Frank S. Perkins (April 21, 1908 – March 15, 1988) was an American song composer best known for the song "Stars Fell on Alabama" (with lyrics by Mitchell Parish) and his band classic, Fandango. He was born in Salem, Massachusetts and died in Los Angeles, California.

== Early Life ==
Frank S. Perkins was born Frank Sutherland Perkins Jr., to parents Frank Sutherland Perkins Sr. and Ethel Bradlee Manchester, in Salem, Massachusetts on 21 April 1908. On 23 October 1932, he married Rosalie H. Strassburg.

== Career ==
Perkins earned his Ph.B from Brown University in Providence, RI in economics in 1929. Although he was an accomplished pianist, by graduation he could play organ, trombone, saxophone and all the percussion instruments. He studied with noted composer and educator Tibor Serly, who was a student of Zoltán Kodály and also worked with Béla Bartók. Upon graduation, Perkins toured Europe and returned to form his own dance band and become a songwriter. In 1934 he joined Fred Waring and His Pennsylvanians and remained with them as arranger until 1938 when he joined Warner Brothers as a composer and conductor, where he remained for many years.

Decca Records called upon Perkins to record some of his own light compositions on LPs in the 1950s. Some of those he recorded were "Kentucky Trotter," "The Deserted Patio," "Barbara," "Pop-Gun Patrol," "Fandango," "Feliciana," "Escapade," and "The Frustrated Floorwalker". These were all from his first album which was released.

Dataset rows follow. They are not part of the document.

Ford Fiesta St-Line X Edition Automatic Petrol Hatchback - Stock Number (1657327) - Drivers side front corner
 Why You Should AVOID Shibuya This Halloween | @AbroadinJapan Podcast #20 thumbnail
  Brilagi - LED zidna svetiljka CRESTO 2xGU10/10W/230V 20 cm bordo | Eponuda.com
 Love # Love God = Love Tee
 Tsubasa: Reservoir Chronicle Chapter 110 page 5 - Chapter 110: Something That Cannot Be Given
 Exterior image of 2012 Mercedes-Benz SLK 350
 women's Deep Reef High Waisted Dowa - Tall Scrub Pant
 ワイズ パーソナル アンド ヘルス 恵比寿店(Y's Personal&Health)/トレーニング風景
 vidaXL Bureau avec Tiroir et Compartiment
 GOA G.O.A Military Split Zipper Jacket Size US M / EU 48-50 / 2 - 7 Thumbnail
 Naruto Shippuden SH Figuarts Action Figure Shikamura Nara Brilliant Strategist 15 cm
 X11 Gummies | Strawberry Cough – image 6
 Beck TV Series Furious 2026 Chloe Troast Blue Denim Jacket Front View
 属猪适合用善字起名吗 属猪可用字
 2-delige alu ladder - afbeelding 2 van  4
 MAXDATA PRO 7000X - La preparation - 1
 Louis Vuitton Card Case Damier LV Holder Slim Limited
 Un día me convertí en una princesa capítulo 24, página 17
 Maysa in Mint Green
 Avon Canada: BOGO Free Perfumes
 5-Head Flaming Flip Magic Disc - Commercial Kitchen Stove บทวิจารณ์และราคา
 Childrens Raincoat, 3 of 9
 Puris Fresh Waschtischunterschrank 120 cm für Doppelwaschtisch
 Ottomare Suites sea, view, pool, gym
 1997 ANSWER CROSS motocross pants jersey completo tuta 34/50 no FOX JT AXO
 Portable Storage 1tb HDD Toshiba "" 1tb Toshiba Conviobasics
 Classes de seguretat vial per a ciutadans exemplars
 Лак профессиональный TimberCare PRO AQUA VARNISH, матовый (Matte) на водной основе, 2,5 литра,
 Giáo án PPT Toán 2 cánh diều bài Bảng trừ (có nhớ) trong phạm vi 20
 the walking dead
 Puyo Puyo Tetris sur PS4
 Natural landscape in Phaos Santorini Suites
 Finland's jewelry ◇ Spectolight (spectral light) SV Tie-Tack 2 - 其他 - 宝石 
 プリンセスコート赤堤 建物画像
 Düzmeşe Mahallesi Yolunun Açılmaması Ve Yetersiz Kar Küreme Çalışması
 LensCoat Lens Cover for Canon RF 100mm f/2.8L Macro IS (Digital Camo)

Perkins also worked in film music. He was the composer of the score for The Incredible Mr. Limpet (1964) and conducted orchestras for films, including the 1962 adaptation of Gypsy and the 1963 spring break film Palm Springs Weekend. In the TV genre, he did music scoring and arrangements for 77 Sunset Strip (WB-TV).

==Death==
Frank Perkins died 15 March 1988 in Los Angeles, California.